Data:
○ ○ ○ ○

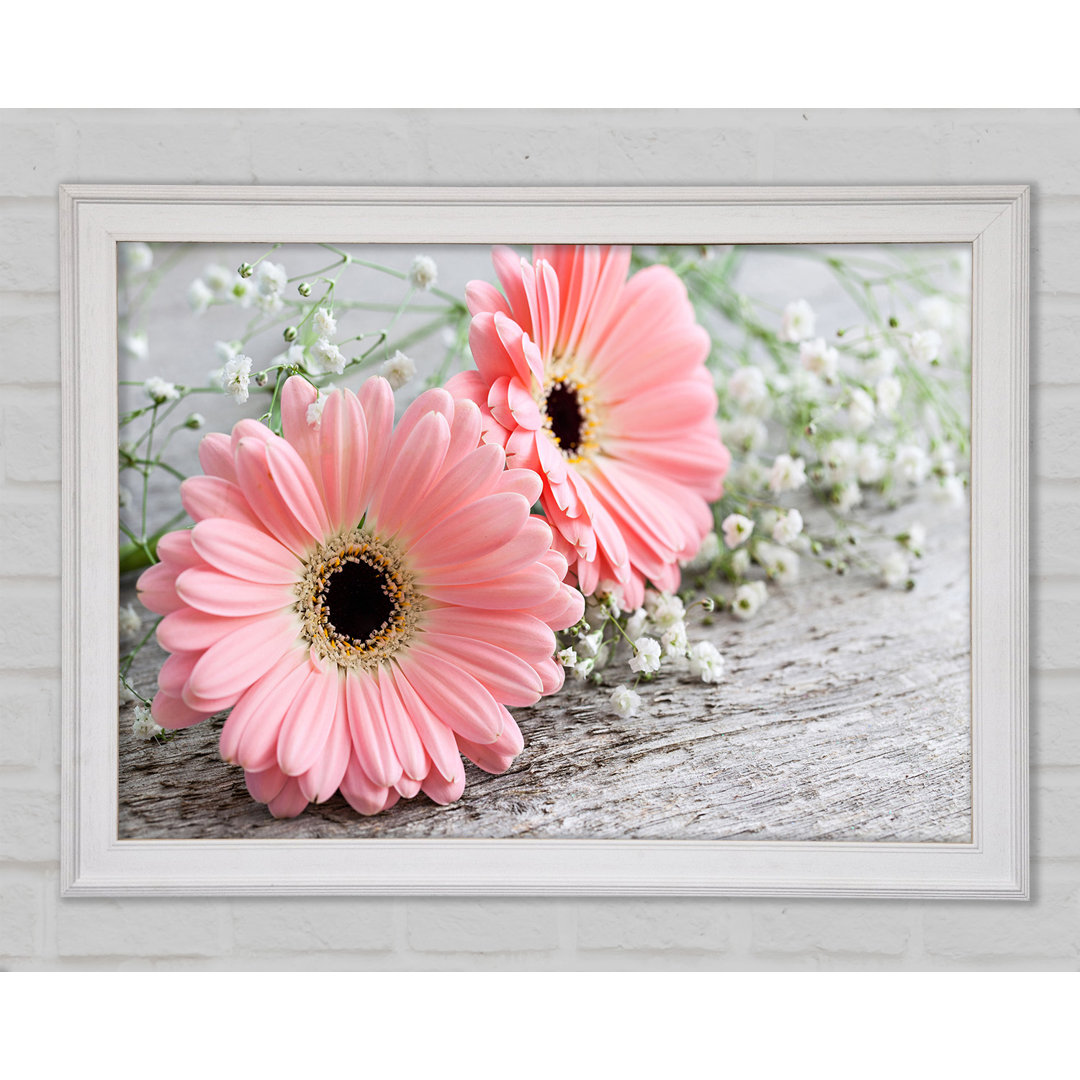 Rosa Gerbera Laying Down Close Gerahmter Druck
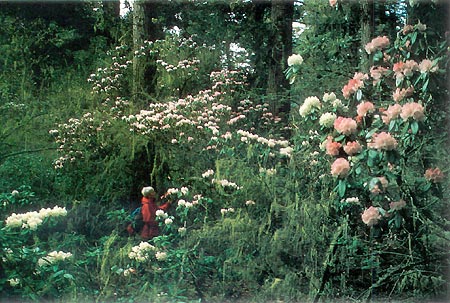 R. vellereum and R. uvariifolium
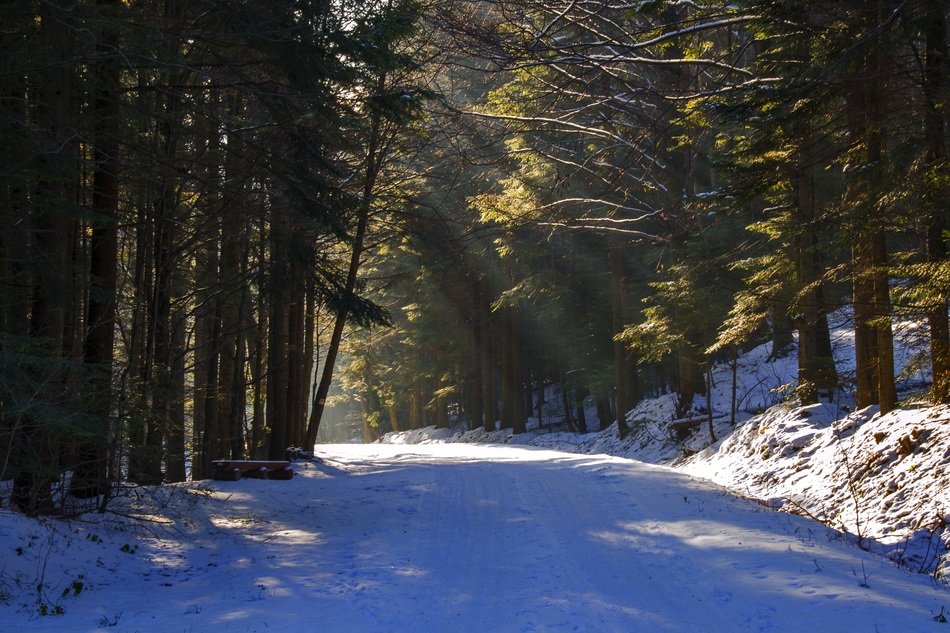 Snow road in the forest free image download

○ ○ ○ ○

Print the listing exactly, pictures excluded.

Response:
 Rosa Gerbera Laying Down Close Gerahmter Druck
 R. vellereum and R. uvariifolium
 Snow road in the forest free image download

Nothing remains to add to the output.